You might have to return to work when you do not want just like you may have had to do in the past.
This includes possibly going back to working nights, weekends, and holidays if retail places end up resuming the hours of operation they had before the pandemic.
Working extra hours also might make you feel tired all the time, and you could end up with back or foot pains.
If you are already working in a fast-food restaurant, and you are tired of it, the Great Resignation may be the best time to change careers.
Do not wait until this period in history ends, or it could be too late – jobs could become sparse again just like during the Recession.
4. Unreliable Co-Workers
A problem that did not just start with the pandemic is unreliable co-workers.
Fast food has always been an industry with a high turnover rate, so guess who gets stuck working all the shifts that the people you work with miss?
You could end up being the one, especially if full time or a manager.

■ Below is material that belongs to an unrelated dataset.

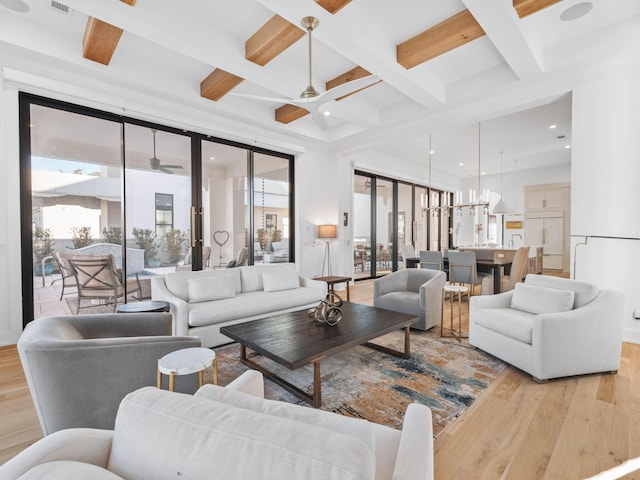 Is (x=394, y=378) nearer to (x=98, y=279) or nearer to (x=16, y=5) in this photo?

Even as a part-time employee, you might not mind the extra money until you feel obligated to work every shift that someone else misses.

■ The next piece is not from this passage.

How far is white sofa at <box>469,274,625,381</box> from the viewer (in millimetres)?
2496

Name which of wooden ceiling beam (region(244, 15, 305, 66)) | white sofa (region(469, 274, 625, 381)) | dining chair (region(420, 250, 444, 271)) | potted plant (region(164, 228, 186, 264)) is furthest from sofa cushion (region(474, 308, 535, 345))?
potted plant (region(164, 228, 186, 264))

If you do not want to be the next one to become burnt out and quit, you will have to set boundaries and not work more than you can handle.
Besides, everyone should be allowed to see their families or have a life outside their jobs.
5. Questionable Security
A McDonald’s might have security cameras.
However, it is tough for busy employees to pay attention to it during a lunch and dinner rush.
This might feel less safe than an office that requires a keycard, password, or handprint entry.
On the other hand, you could work in the corporate building instead of one of the stores, which has high-security detail.
6. Crowded and Noisy Environment
McDonald’s can be crowded and noisy, especially during peak hours.
This might drive you crazy after a while.
Once you are done with your shift, you might not even want to talk to your spouse when you get home – probably not at least for an hour.
What is more, hearing your children’s screaming might sound unbearable because of all that time hearing other people’s children at work.
7. Potentially Stressful
In addition to physical burnout, you also may become mentally stressed out.
This may cause migraines and nervous breakdowns.
Make sure you do not take on more hours than you can handle when working at McDonald’s or any other fast-food food job.
Pros and Cons of Working at McDonald’s – Summary Table
|Pros of Working At Mc D’s||Cons of Working At Mc D’s|
|1. On-The-Job Training||1. Inconsistent Hours for Part-Time Workers|
|2. Flexible Scheduling||2. Threat of Closure|
|3. Advancement Opportunities||3. Possible Burnout|
|4. Develop Leadership Skills||4. Unreliable Co-Workers|
|5. Learn Organizational Skills||5. Questionable Security|
|6. Improve Interpersonal Communications||6. Crowded and Noisy Environment|
|7. Develop Sales Skills||7. Potentially Stressful|
|8. Benefits to Employees (ex: Meal Discounts or Insurance)|
Should You Become a McDonald’s Employee?
It is not uncommon for people either in high school or who have recently graduated to work at McDonald’s.
For them, it may be their first experience learning how to deal with people in a professional environment.
Not everyone who works at McDonald’s makes a lifetime career out of it.
However, if you become a general manager, you could make an average yearly salary of $55,410 without ever having to attend college.
Other perks of Mc D’s management positions include profit and commission sharing, stock options, and cash bonuses.
Some managers end up generating more than $200,000 per year of revenue after putting in enough time.